Thursday, January 09, 2020

the interior world



Sometimes, I think my desire to become a writer rested so much on the fact that I always, from the youngest age, was the sort of kid that lived mostly in my head and only part of the time outside it.  For the first four years I was an only child, my mother at home to look after me, but mostly the sort of 70's mother who was only tangentially involved in what I would do all day. She watched me, fed me, and occasionally would play board games with me as I grew older, but most of what I knew as "play" occurred on my own, and therefore, mostly in my imagination.   My favorite thing to do in those years was to have her drape a sheet or blanket over the coffee table, under which I would pretend to "camp", which mostly meant lying underneath , surveying my tiny private space and either coloring / drawing or watching the tv through a small gap in the front. After my sister was born, still very much of our play was non-toy related.  Me, my sister, my cousins played many rounds of "Let's pretend.." even as we got older.  Lets's pretend we have different names, lets pretend we're detectives,  let's pretend we are in the The Lost Boy's movie. While we led each other on these creative pursuits and they were fun, I also very much liked my imaginings when I was alone .  I would concoct stories in my head based on movies or books I'd read.  I would listen to my Walkman and live out the songs in my head.

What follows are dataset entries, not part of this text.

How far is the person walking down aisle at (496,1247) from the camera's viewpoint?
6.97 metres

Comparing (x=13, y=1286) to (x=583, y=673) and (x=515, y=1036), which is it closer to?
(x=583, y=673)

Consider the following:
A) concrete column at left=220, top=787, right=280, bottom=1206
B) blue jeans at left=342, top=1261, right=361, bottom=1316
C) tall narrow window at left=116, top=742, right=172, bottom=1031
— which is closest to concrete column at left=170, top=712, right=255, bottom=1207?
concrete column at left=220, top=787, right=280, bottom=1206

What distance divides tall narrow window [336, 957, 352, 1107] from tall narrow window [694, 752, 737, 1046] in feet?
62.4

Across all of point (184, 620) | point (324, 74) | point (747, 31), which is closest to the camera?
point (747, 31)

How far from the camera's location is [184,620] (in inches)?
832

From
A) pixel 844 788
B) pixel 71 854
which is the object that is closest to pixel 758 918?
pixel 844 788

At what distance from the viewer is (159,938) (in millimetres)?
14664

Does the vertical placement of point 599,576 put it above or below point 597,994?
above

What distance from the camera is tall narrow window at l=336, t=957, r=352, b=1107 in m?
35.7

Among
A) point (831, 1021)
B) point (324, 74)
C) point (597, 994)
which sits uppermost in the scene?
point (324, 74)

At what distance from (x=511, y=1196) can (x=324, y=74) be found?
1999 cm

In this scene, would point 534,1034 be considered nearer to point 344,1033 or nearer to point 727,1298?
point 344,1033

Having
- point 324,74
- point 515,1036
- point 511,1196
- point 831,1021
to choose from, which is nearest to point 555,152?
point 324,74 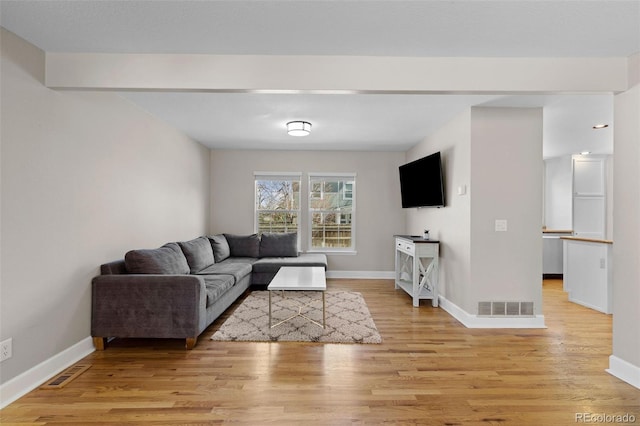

But then there were always stories unwinding. .  They's sometimes be brief, but sometimes went on for days, transforming, becoming other stories. Or maybe these are what we would consider "daydreams" --which were almost as vivid and real to me as my night ones.   I had a crush on a boy in 7th grade and I imagined us in a horror movie summer camp scenario--how he would save me from drowning, but also would somehow turn out to be the killer.  My internal stories were fueled by Hollywood, but also by books--mostly horror that I was, courtesy of an aunt that passed them on to me, reading by the dozens. Though I didn't always write them down, I had endless plots going through my head. The summer camp scenario was a favorite, but another favorite in junior high was that I was teen pop star/ ice skater who was reunited with her childhood sweetheart--a teen I would pretend to be whilst lipsyncing Debbie Gibson in the mirror.  I think the most troubling thing about this story was that I was dying--mortally ill with cancer or some tragic disease that made my story even more poignant.   I would also concoct large historical family trees revolving around fictional mansions--decades and generations of families--always wrought with unfortunate deaths and madnesses (in some ways, I feel these were a pre-cursor to things like my unusual creatures project.)

It was the sort of world building I still love to do--through writing projects, through visual projects, through other things like the murder mysteries I design for the library.  I am still occasionally angry when I am pulled away from my internal wold and have to engage with the actual one. Still wish I could spend more time in my head than outside it.